Ezberlediğim ve sık sık okuğum "YAŞLILIK" adlı bir şiirim vardı sayın hocam. Yaşlıların kendini anlattığı bir şiir, haneye de bir kaç kez göndermiştim. Şehadet Teyzenin durumunu siz anlatınca aklıma geldi ve yine paylaşmak istedim.
Rahmetli için yaptıklarınız gerçekten çok değerli sayın hocam. Allah sizden razı olsun.
YAŞLILIK
Ben artık yaşlı bir insanım,
Çocukluk, gençlik bitmez sandım.
Gençken yaşlılığa çok var, derdim,
Yaşlanınca zamana akıl sır erdiremedim.
Şimdi sık sık titriyor ellerim,
Yakını da uzağı da seçemiyor gözlerim.
Alçak sesleri duymuyor kulaklarım,
Yaşlı bedenimi taşıyamıyor ayaklarım.
Günlerimin çoğu yalnız geçiyor,
Gözlerim hep yolda, birilerini bekliyor.
Keşke her gün gelse evlatlarım,
Çünkü her an gözümde tütüyor yavrularım.
Yaşlılık nasıl bir şey, biliyor musunuz?
Yasaklamış doktor yağı, şekeri bir de tuz.
Düşerim diye hep korkuyorsun,
Kırarsam bir yerimi, kim bakar diyorsun.
Sürekli korku, sıkıntı ve kaygı,
Mutlu olurum, görürsem sizden saygı.
Şikayetçi olmamalıyım yaşlılıktan,
Alıştım artık böyle yaşamaya çoktan.
İsterdim ki yaşlılığı öğrenin,
Gençliğinizin kıymetini iyi bilin.
Ben ölüm korkusunu çoktan aştım,
Acı çekmeden ölmek en büyük aşkım.
Siz de yaşlanacaksınız bilin bunu,
Sakın unutmayın yaşlılıktır gençliğinizin sonu.

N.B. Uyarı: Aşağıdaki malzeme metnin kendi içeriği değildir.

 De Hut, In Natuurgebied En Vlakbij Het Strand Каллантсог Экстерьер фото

Ben de bitmez gençlik demiştim hatırladınız mı onu,
Hatırlamıyorum artık çocukken oynadığım en iyi oyunu.
Ara sıra tutun ellerimizden titremesin,
Anlattığımız anılar sıkılmadan dinlenilsin.

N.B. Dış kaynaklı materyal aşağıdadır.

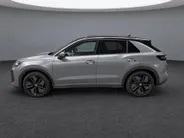 Volkswagen T-Roc 1.5 eTsi 150pk DSG R-Line First Edition · Camera · Wegklapbare Trekhaak · Stoelverwarming · Dodehoek Detectie · Elek. Achterklep · 19'' Inch · Garantie t/m 08-03-2030 of 100.000km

Mümkünse arada bir evimizi temizleyin,
Ölüme çok yakınken şu ihtiyarı mutlu edin.
Kış günlerinde sobamızı bir yakın,
Soğuk olan bu günlerde ölüm bize çok yakın.
Gücüm kalmamış kıyamıyorum odunları,
Kıyarsanız odunları, unutmayın çalı çırpıları.

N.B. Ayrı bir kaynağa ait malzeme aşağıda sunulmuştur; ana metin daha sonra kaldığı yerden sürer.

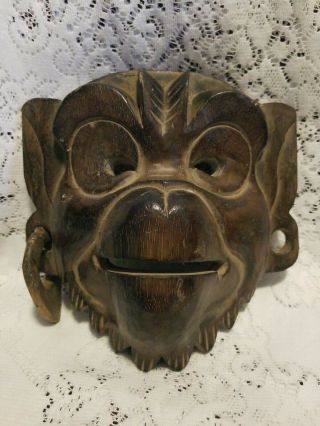 Vntg.  Carved Wood Monkey Face Wall Mask Plaque Sculpture Earring 8.  75 " H 8.  5w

Eskisi gibi yiyip içemiyor insan,
Çaya ekmek doğrayıp yiyorum, buna inan.
Keşke bazen olsa bir tas sıcak çorba,
Hasret kaldım köfteye bir de kebaba.
Ne olur, ne olur unutmayın bizi,
Umutla, sevgiyle doldurun kalbimizi.
Bizim için ilgi, en büyük ihtiyaç,
Sen de olacaksın ilgiye bir gün muhtaç.